The blocks keep falling. First the housing sector. Then the financial sector. Now the automobile sector. The clear failure of neoliberal capitalism shows us the need to modify how the United States does business.
And if the government does step in to rescue General Motors, Chrysler and Ford–a move backed by top Congressional Democrats–it will raise pressure on Obama to offer government aid to more big companies threatened with bankruptcy and underwrite the restructuring of entire industries.
Capitalist theory tells us that these companies should be allowed to die. The problem is that each of the big three automakers is ailing. Who would have thought it possible, but the spectre of the US’s automobile manufacturing base’ disappearance seems to be real.

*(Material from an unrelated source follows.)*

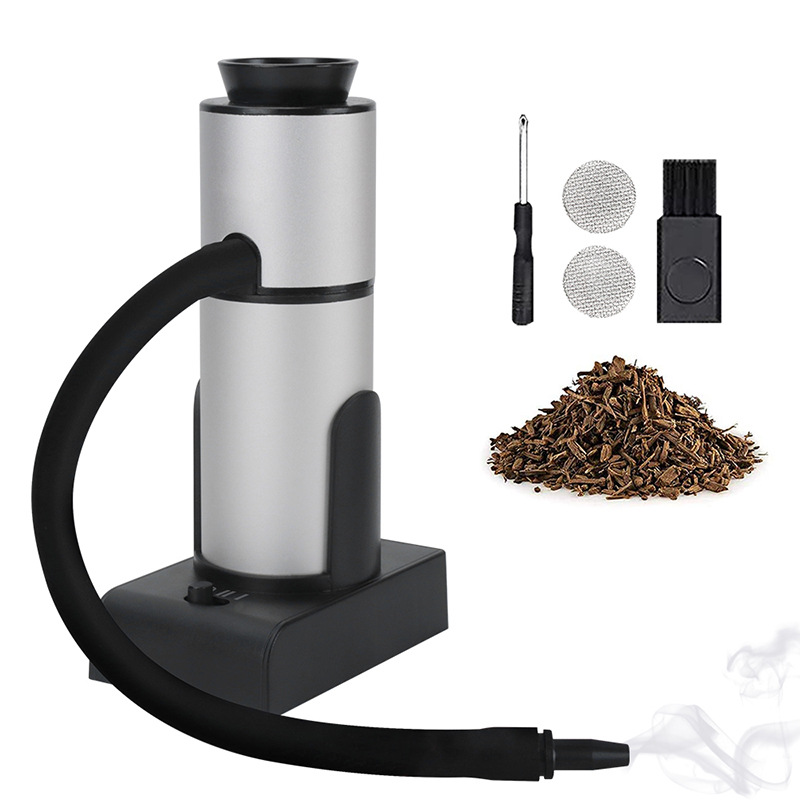 مجموعة مدخن الكوكتيل المحمولة  - مراجعة Smoking Gun Kit وسعره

CEO Rick Wagoner said that GM can’t file for bankruptcy to get protection from creditors, since consumers are unlikely to buy cars from a bankrupt company. If the company were to go out of business altogether, it would send a wave of job losses through manufacturing and car dealerships that could eliminate 2.5 million jobs and wipe out $125 billion in personal income in just one year, according to the Center for Automotive Research, a think tank with close ties to GM.
Perhaps GM should spin-off several of it’s car lines. Independent ‘new’ auto companies could push new technologies and better cars. The other two choices are nationalization or bankruptcy.
“Letting GM go is a terrible idea,” Wagoner said on CNBC. “Look at the effect of Lehman Brothers.”
GM is ‘too big to fail.’ The bosses who’ve run companies into the ground now have a refrain to pitch to Congress. Don’t think that GM, Chrysler and Ford will be the last to do so.
Shuster makes a good point with his last paragraph:
It’s time for organized labor and the left to raise the stakes, especially when the incoming president has been elected on a promise to make the economy benefit working people.
Allowing the bosses to paper over their failures with taxpayer cash is bad for the US. If the US is to pay for these companies’ lives, then the current management should be thrown out. Perhaps it’s time to try the worker run company model as part of the price for saving these companies.